Ribni Lakes (Рибни езера, meaning Fish Lakes) are a group of two larger and several smaller non-permanent glacial lakes situated in the central part of the Rila mountain range in southwestern Bulgaria. They are located in a deep cirque widely opened to the north between the summits of Kyoravitsa (2,612 m) to the west, Kanarata (2,667 m) to the south and Yosifitsa (2,697 m) to the northeast. They are located in the eastern reaches of the Rila Monastery Nature Park.

The Upper Ribno Lake is situated at an altitude of 2,227 m some 1.5 km north of the summit of Kanarata. It has an oblong shape in direction south–southwest to north–northeast, with a length of 800 m, a width of 300 m and area of 176,000–180,000 m^{2}. Its maximum depth is 9 m. The total volume is 771,000 m^{3}. The lake is fed by about 30 small streams. A concrete spillway was built in its northeastern shore.

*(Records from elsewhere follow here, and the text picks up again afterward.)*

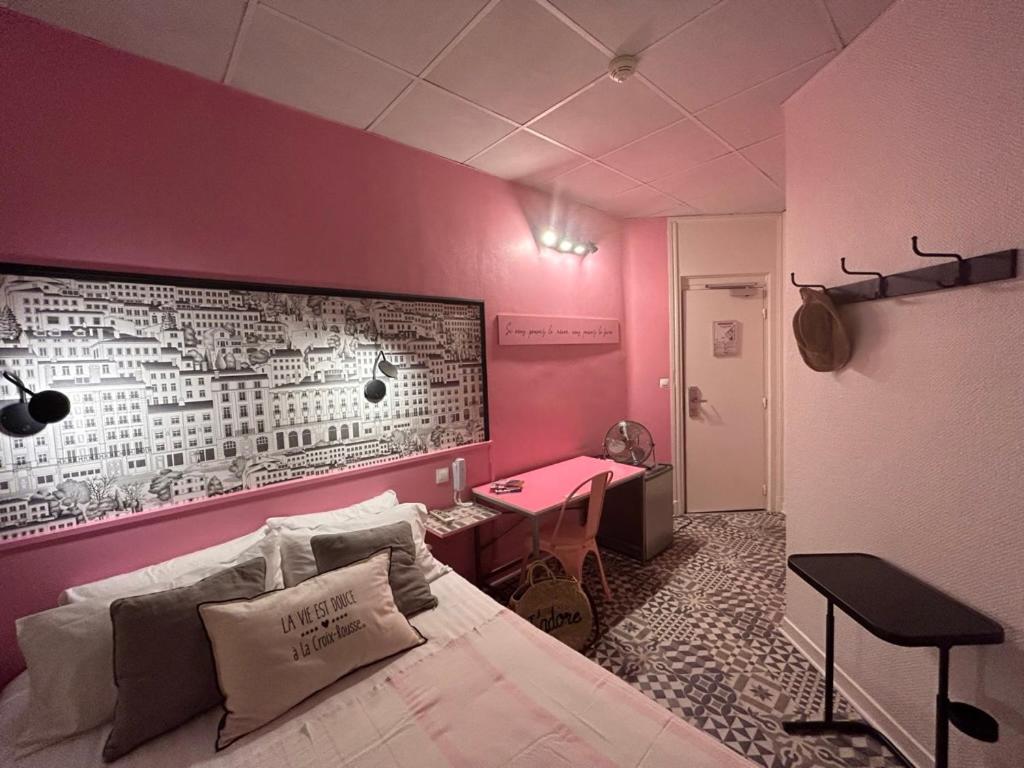 a bedroom with a pink wall with a bed and a desk at Hôtel de la Croix-Rousse in Lyon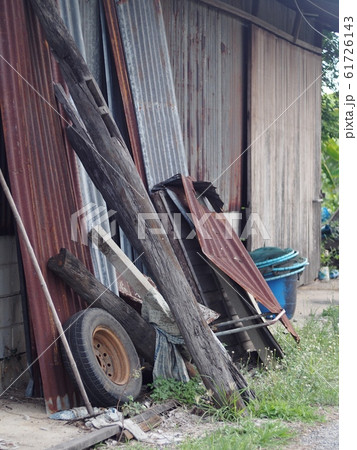 stack of old grunge galvanized metal sheet and rustic iron pipes old hardwood and a defect wheel on outside wall of an easy constructed country agricultural farm house in an abandoned farm stack of old grunge galvanized metal sheet and rustic iron pipes old hardwood and a defect wheel on outside wall of an easy constructed country agricultural farm house in an abandoned farm 61726143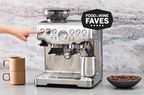 Hand pressing a button on the Breville Barista Express displayed with cups and a bowl with coffee on a grey counter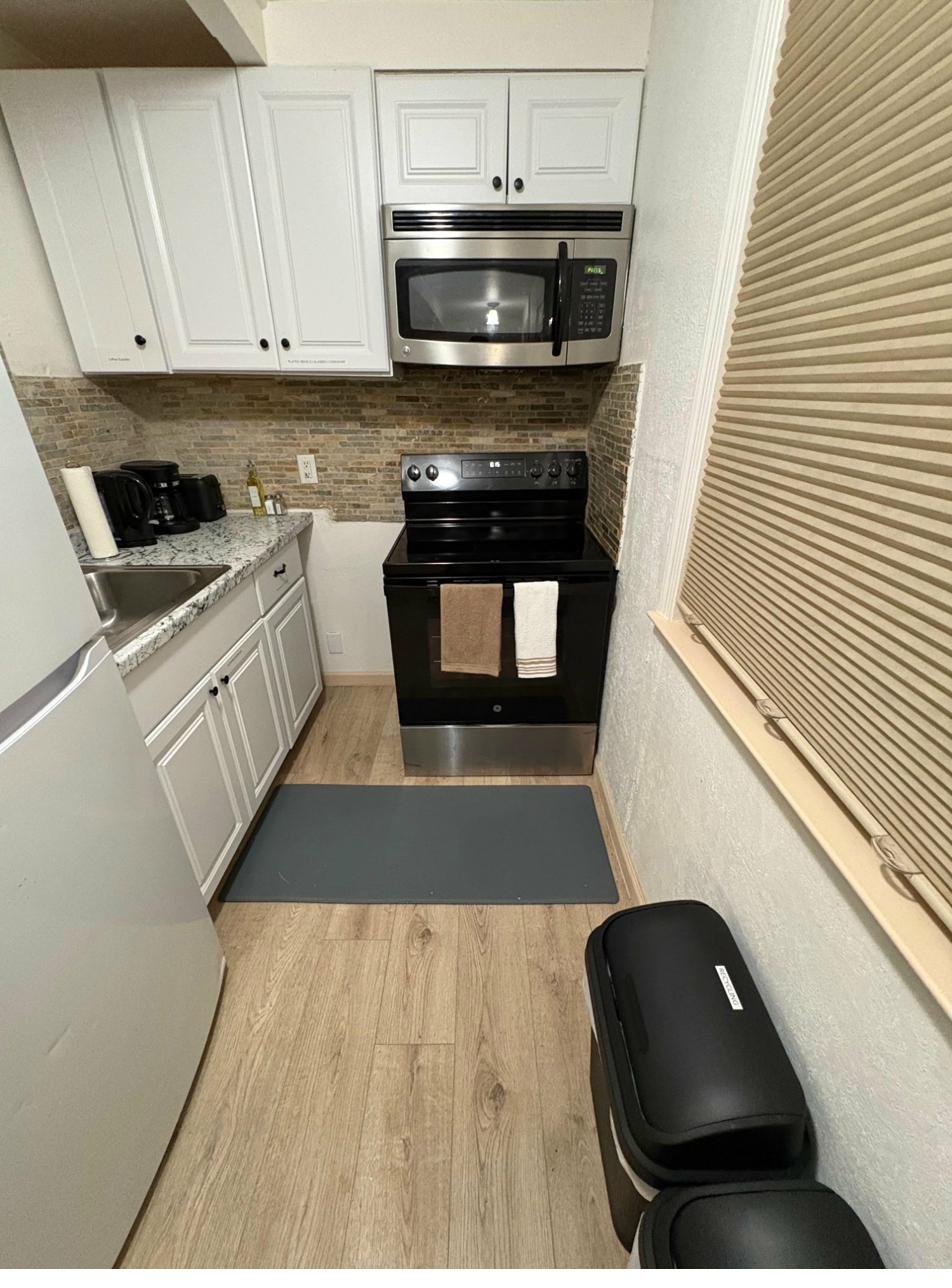 Half Dome Haven bedroom area — queen bed studio cabin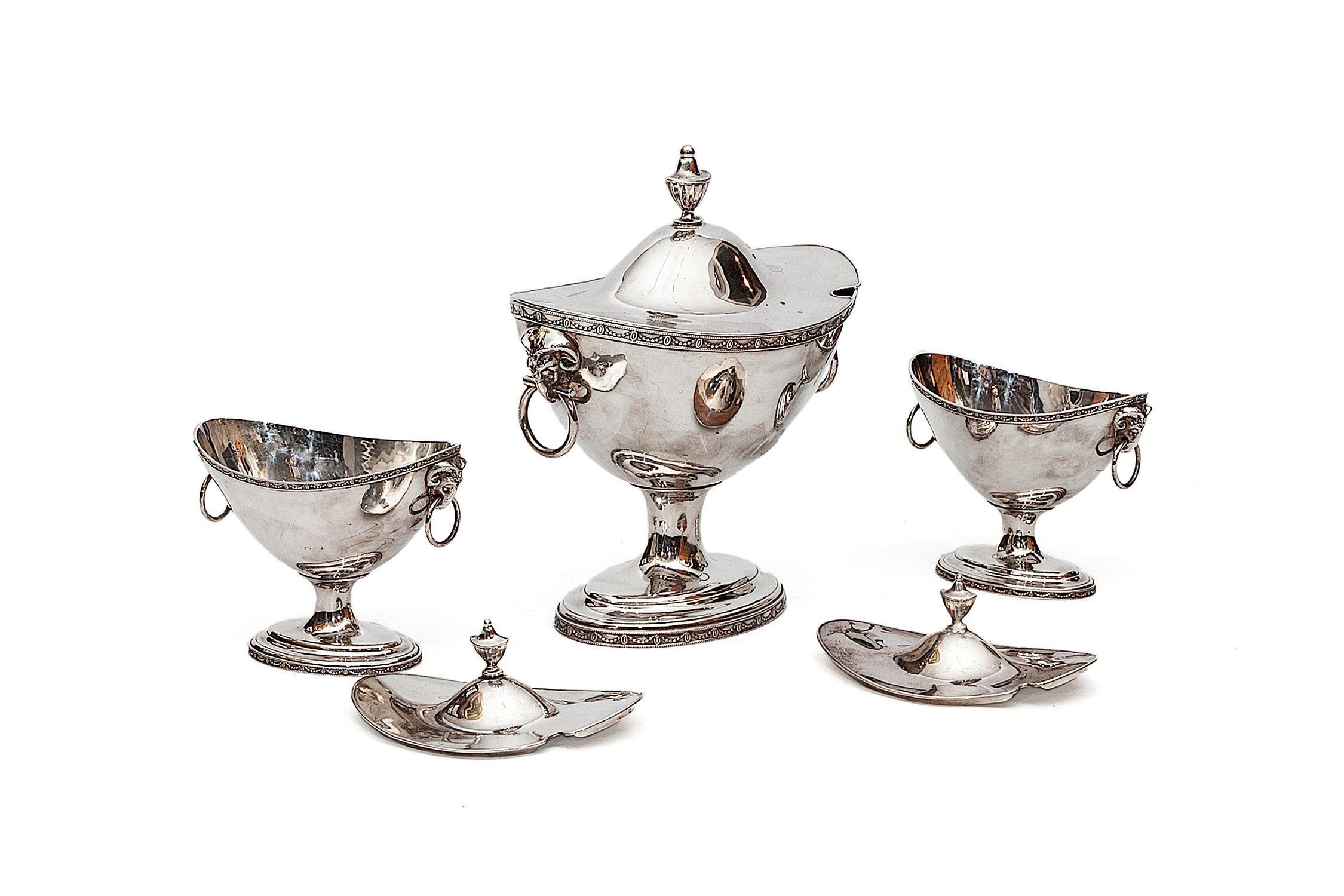These three Georgian boat-form sauce tureens are an exemplary Neoclassical set, each atop a spreading oval foot and with ring handles. The shaped lids are ornamented with urn-shaped finials.

One Large: 12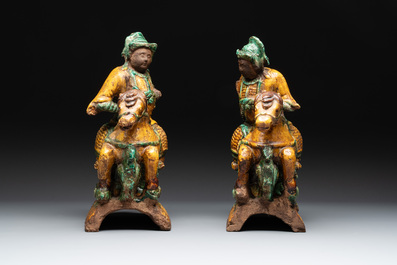 A pair of Chinese sancai-glazed rooftiles, a pair of Buddhist lions and a warrior, Ming and later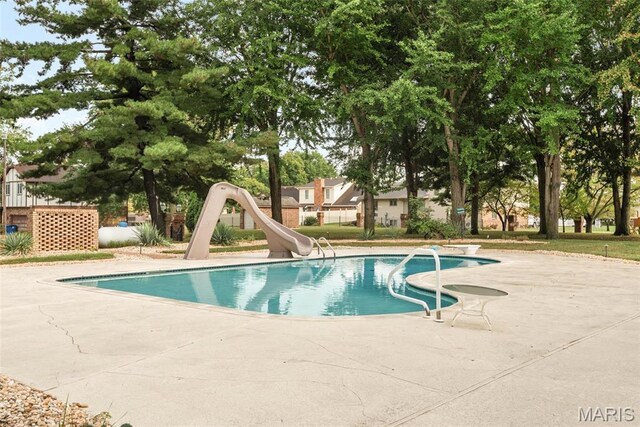 3112 Parkview Dr, Granite City, IL 62040 - view of pool featuring a water slide, a diving board, and a patio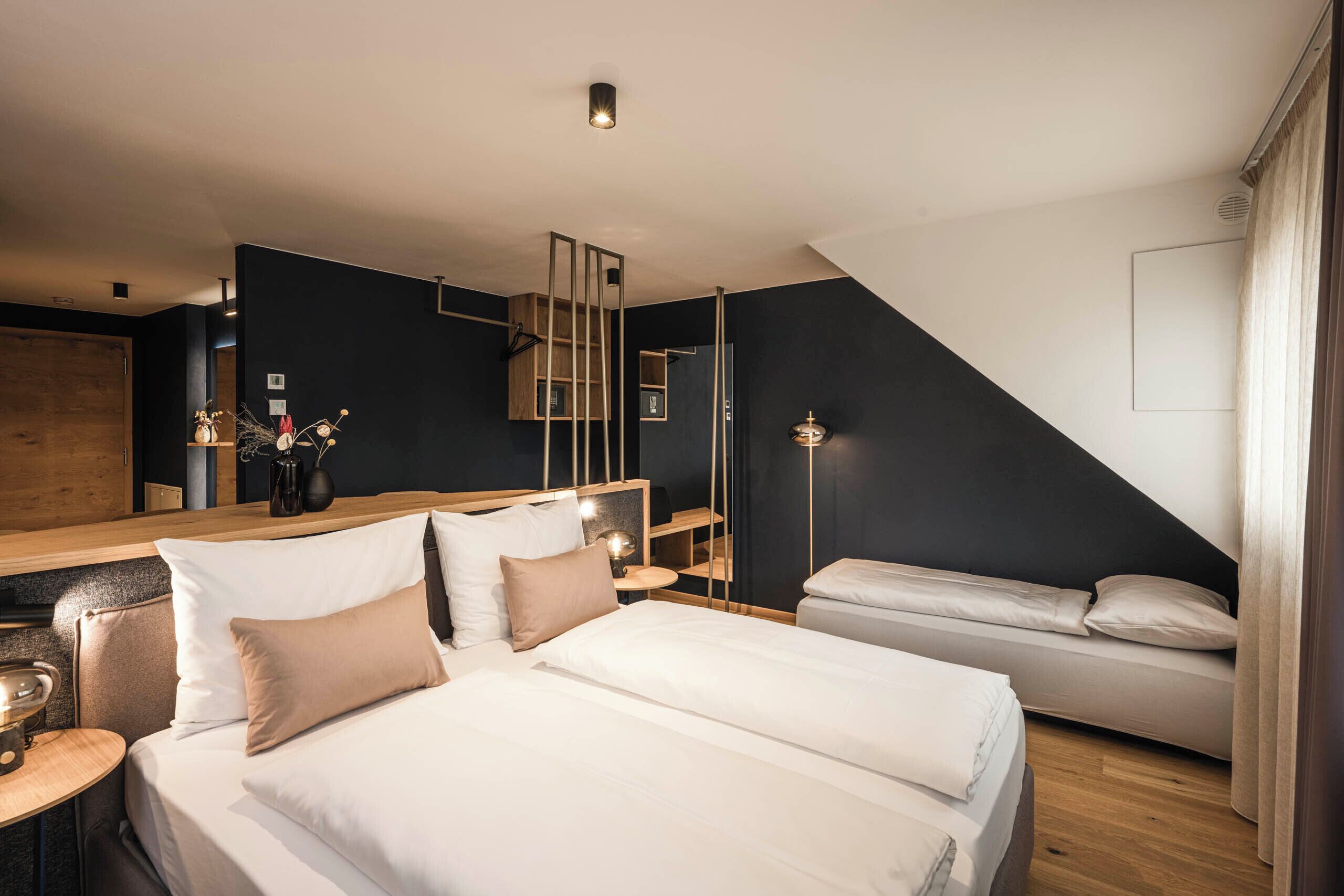 Ein modernes Hotelzimmer mit einem großen Bett, einem kleineren Bett, einem Schreibtisch und einem Spiegel.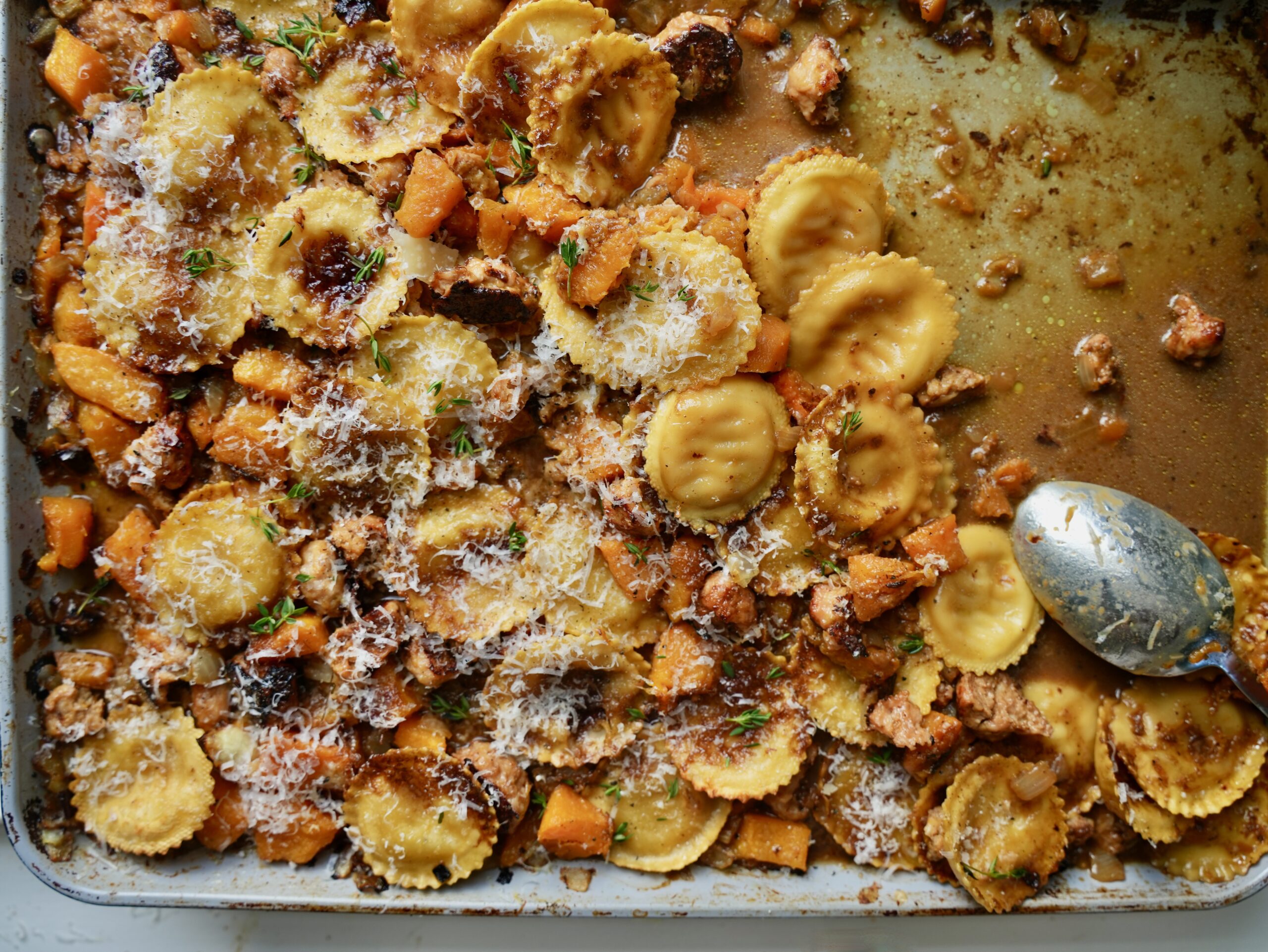 Sheet pan ravioli with sausage, roasted butternut squash, Parmesan and thyme, with a serving spoon resting on the pan.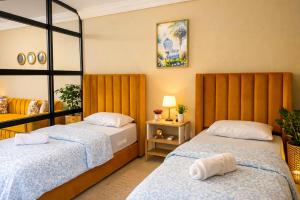 Ένα ή περισσότερα κρεβάτια σε δωμάτιο στο Experience Comfort in a Modern Apartment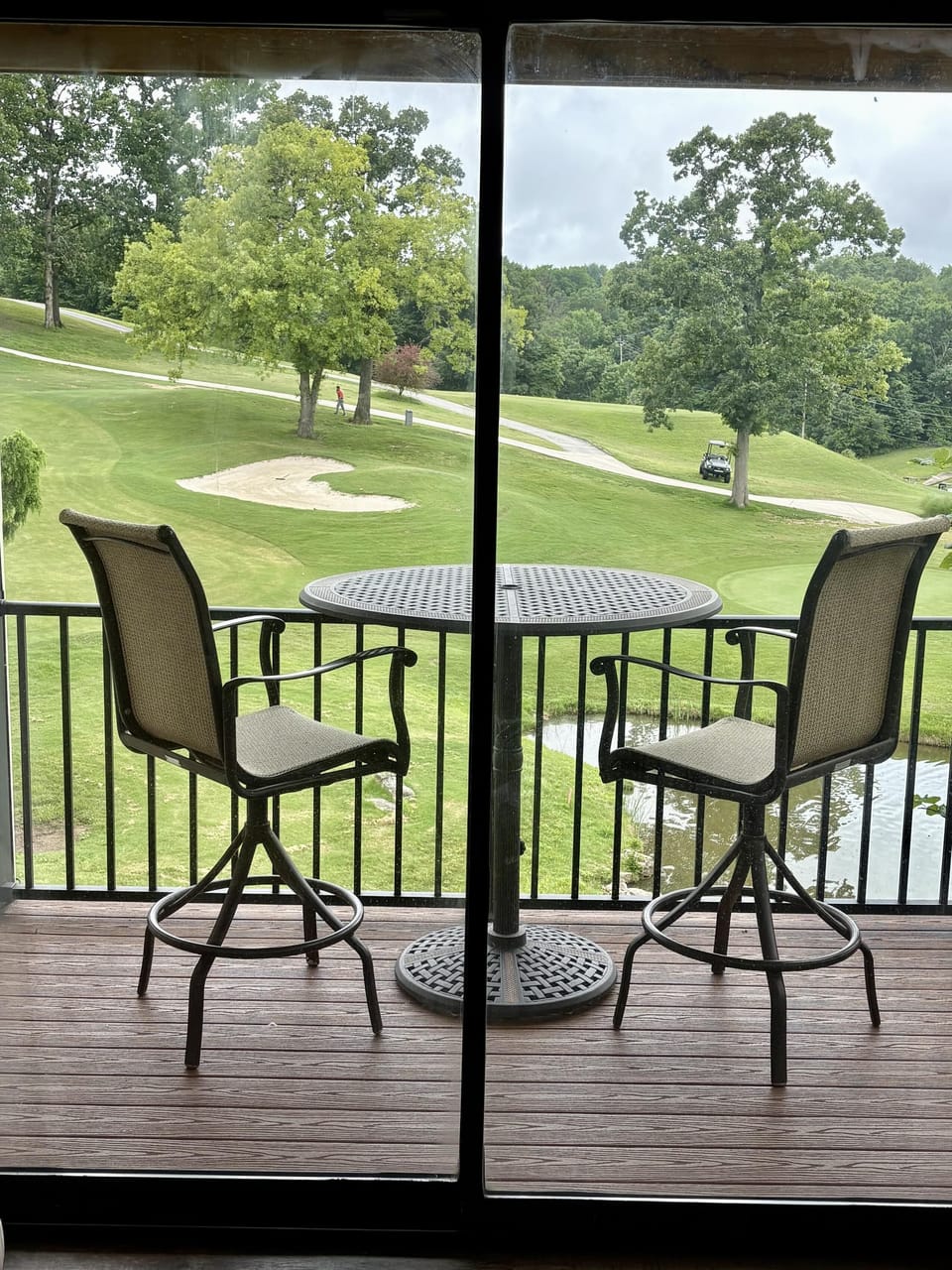 Balcony with two swivel bar chairs and a round metal table overlooking a golf course and pond.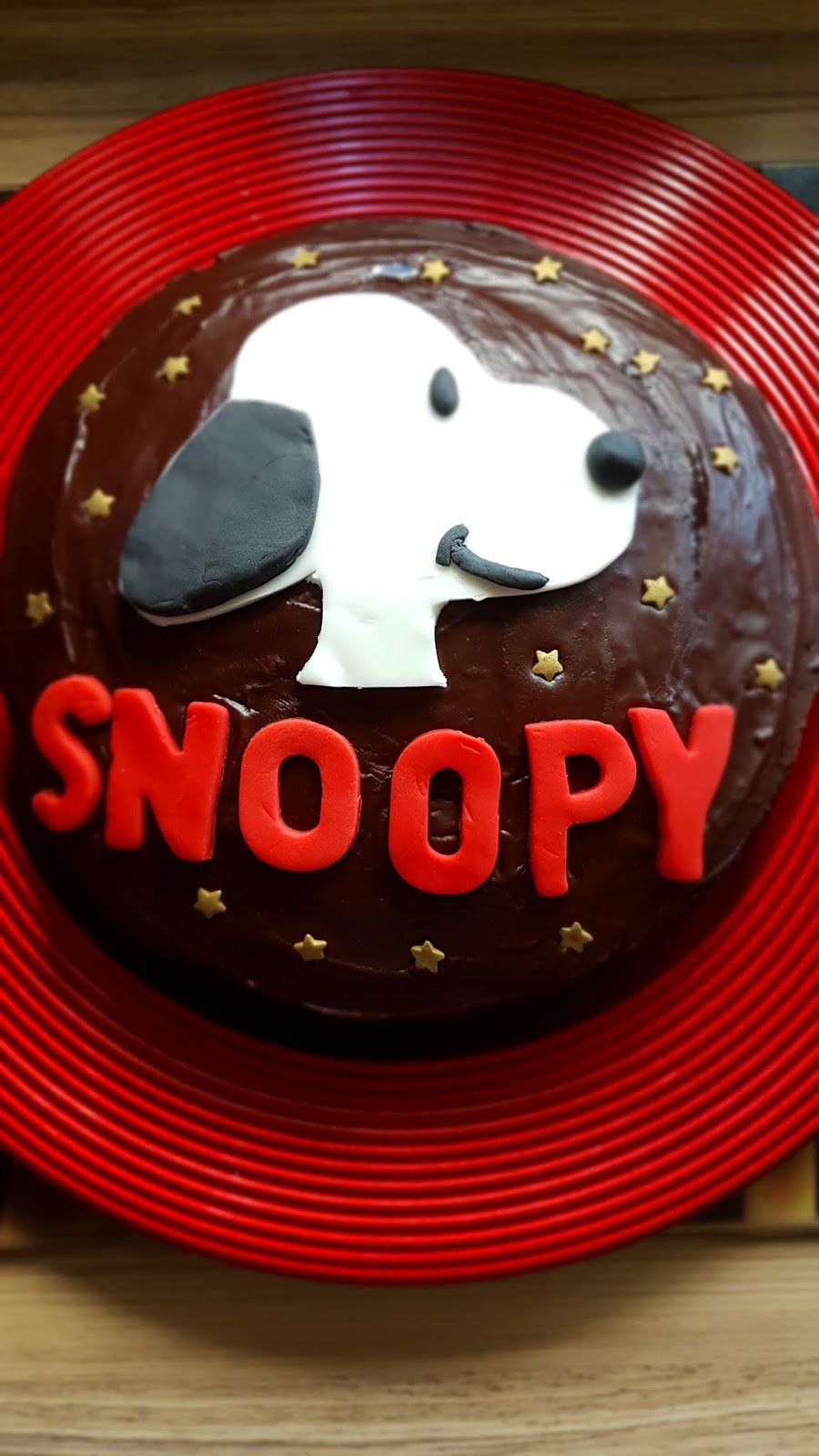 Chocolate Snoopy themed birthday cake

The Lower Ribno Lake is at an altitude of 2,200 m some 400 m north of the uppers lake. It is smaller, with an oval shape, a length of 340 m, a width of 230 m, an area of 47,000 m^{2} and a depth of 9 m. The total volume is 131,700 m^{3}.

The lakes form the headwaters of the Rilska River, a left tributary of the Struma. Due to their permanent flow, the lakes, along with others nearby, such as the Smradlivo Lake, are important for feeding the river during the period of low water ensuring the functioning of ecosystems in the area. They have a significant and constant water outflow of 14.5 million m^{3} per year, which represents 6% of the entire discharge of the Rilska River.

The chemical composition of the water in the lakes has low mineralization of 58.8 mg/L; the hydrocarbonate ions are about 30 mg/L. The water is very soft and highly oxygenated — about 10 mg/L. The chemical composition is favourable for populations of river trout, after which the lakes were named.

The lakes serve as a leveler of the small Rila Hydropower Cascade. Between them is constructed the homonymous Ribni Lakes Refuge with 181 beds, which is a starting point for trails to the Rila Monastery.